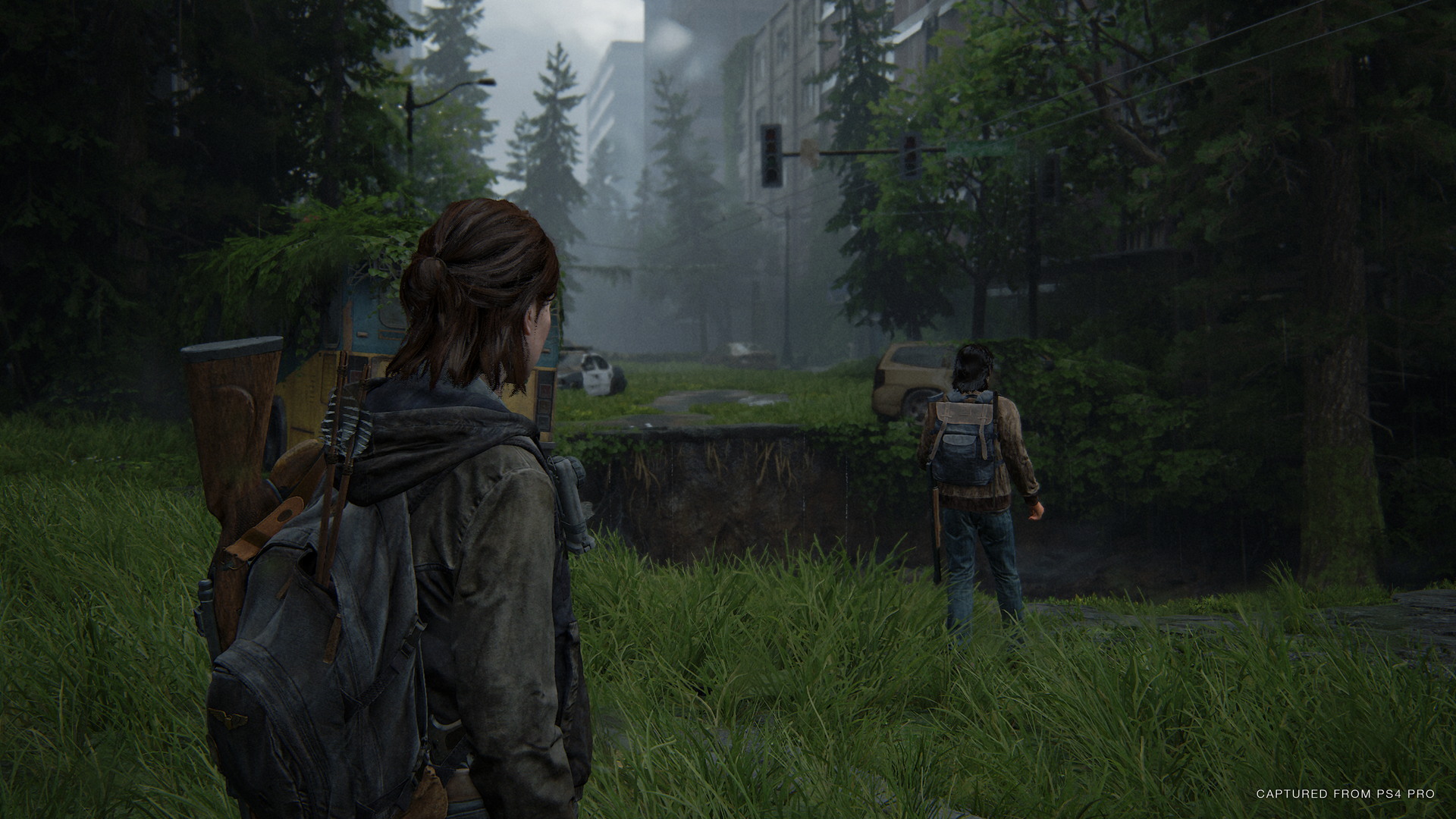 The Last of Us Part II - screenshot 36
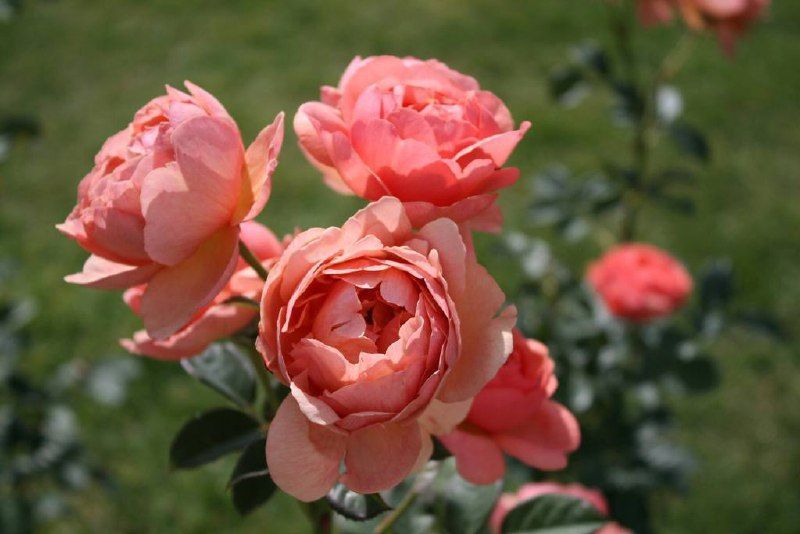 Park Abbey Rose Парк Е́ббі Роуз ОСІНЬ 2026 123113 фото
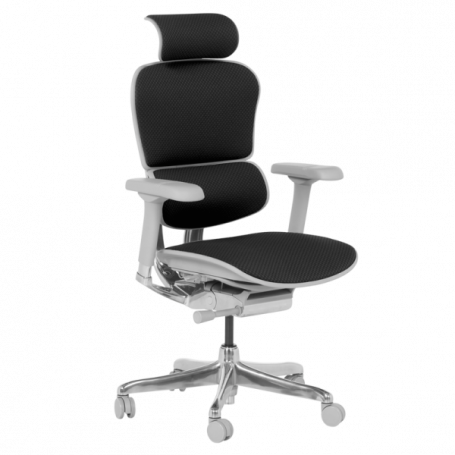 Ергономичен стол  ⋙ на цена от 1389.60лв  - Allegro-bg.com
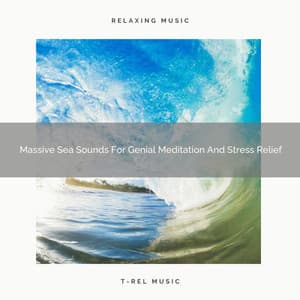 Massive Sea Sounds For Genial Meditation And Stress Relief - Sanctuary Of Relax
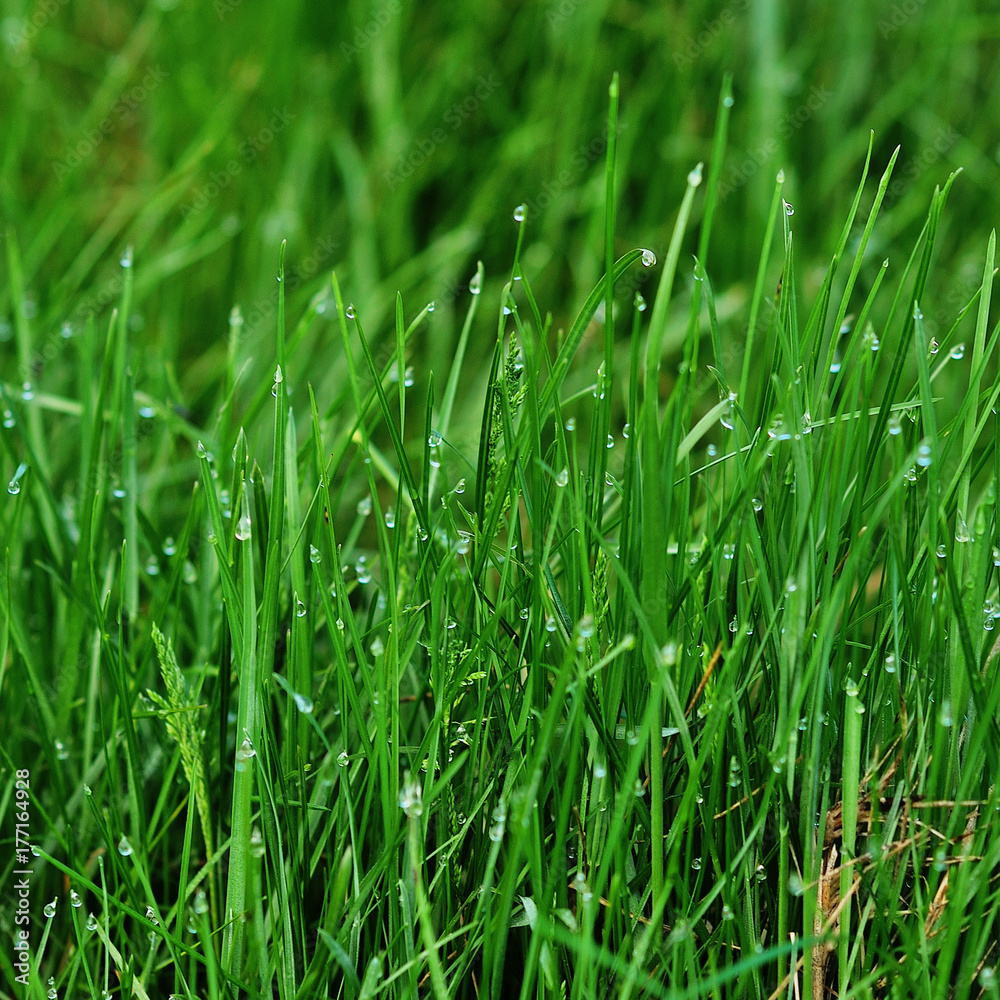 Close-up image of spring green grass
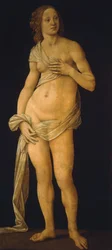 Venuše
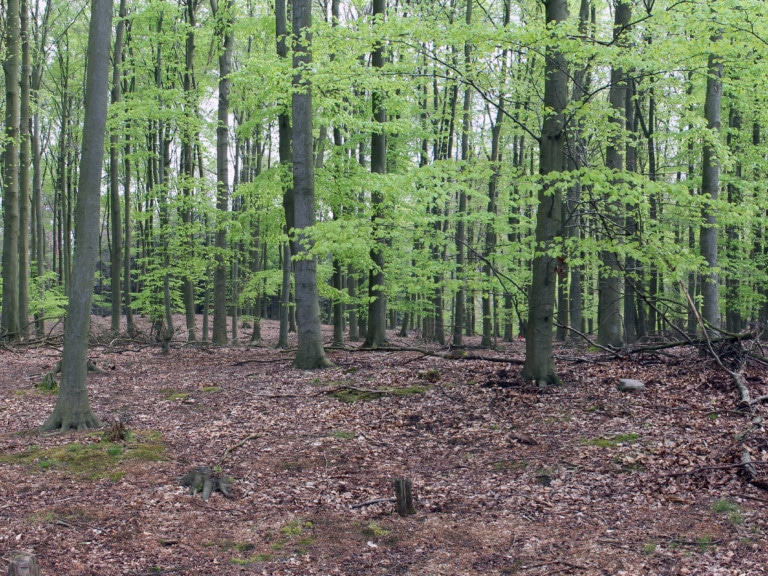 Picture: The panoramic photo shows managed age-class beech forest in the tree-wood stage.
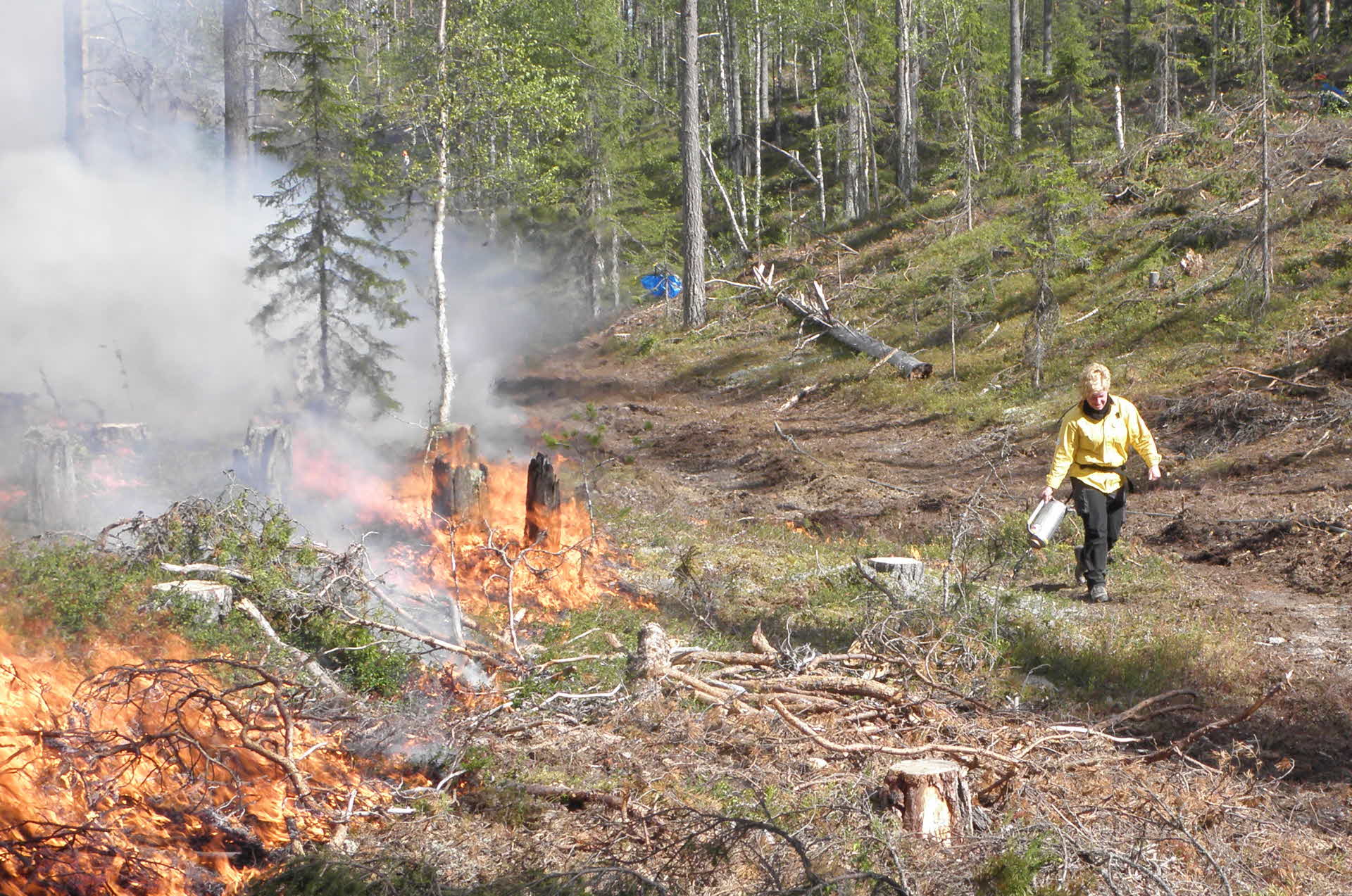 Naturvårdsbränning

**EXERCISE AIM**.
Starting at the line with "Picture: The panoramic", reproduce exactly each line through the end of the entries, including the first and the last, and skip the pictures.

**EXERCISE RESULT**.
 Picture: The panoramic photo shows managed age-class beech forest in the tree-wood stage.
 Naturvårdsbränning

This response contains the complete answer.